From the Jets to the Pats: New safety Terrence Brooks making an early impression in first Patriots camp

From the Jets to the Pats: New safety Terrence Brooks making an early impression in first Patriots camp

FOXBORO -- At this time of year, everything we see on the Patriots practice fields should be taken with a grain of salt. But it's hard to ignore the timing of when we see some of the things we see -- even early in training camp. 

Take, for example, Terrence Brooks. 

The 27-year-old safety was signed by the Patriots this offseason after two seasons spent with the Jets primarily as a special-teamer. On Saturday, the first fully-padded Patriots practice, Brooks was on the field with Bill Belichick's defense -- and early. There were times he found himself alongside Devin McCourty. At one point on Sunday, he shared real estate with both McCourty and Patrick Chung. 

Brooks played just 69 snaps defensively last season.
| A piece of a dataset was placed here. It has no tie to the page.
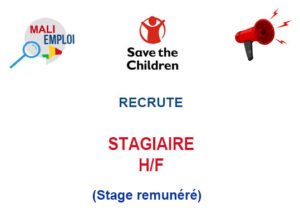 SAVE THE CHILDREN MALI RECRUTE STAGIAIRE H/F STGSA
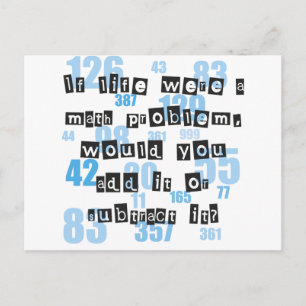 Carte Postale La vie est comme les maths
At this rate, he'll hit that number of 11-on-11 practice reps before the team heads to Detroit in a week.

"Definitely encouraging," he said. "It means I'm taking more steps to earn respect on this team. For the most part, I'm trying to take every opportunity that's given to me and make the most of it."

With Chung currently donning a red non-contact jersey, Brooks may be the beneficiary of some reps that normally would've gone to the 31-year-old. But Chung has been on the field for a fair number of 11-on-11 reps despite his jersey color, and Brooks continues to receive work.

"I'm just trying to keep stacking good days," Brooks said. "I'm just happy to be here. They believe in me. I wanted to come in here and show 'em what I can do. Try to limit the mistakes. Get better each and every day. It's been going well. Just trying to stack good days."

Brooks will fit into Belichick and special teams coach Joe Judge's plans in the kicking game, as he did in New York. But if he can provide some depth in an experienced safety group that includes Chung, McCourty, Duron Harmon and Nate Ebner (as well as younger players Obi Melifonwu, Malik Gant and AJ Howard), then he'll provide a good return on the two-year $3.25 million deal he earned in March. 

Brooks' athleticism and strong tackling ability might make him particularly valuable as a box safety. Chung is one of the most versatile players in New England's defense as a safety who can play like a linebacker role and still cover opposing slots. Taking on similar responsibilities would be a tall task for any newcomer, but Chung's role is one that has fascinated Brooks for a while. 

"Oh yeah," Brooks said with a smile. "For sure. I've watched a lot of film on Pat. I love how he plays the game. But to be honest man, whatever role they put me in here, I'd be happy to play it. The more I can do, the better it's going to be for me."

The more you can do. Sounding like a Patriot already. Hard to know who to credit for that, but Brooks says he's been trying to soak up any and every technique from the veterans he's gotten to know best in his short time with the team. 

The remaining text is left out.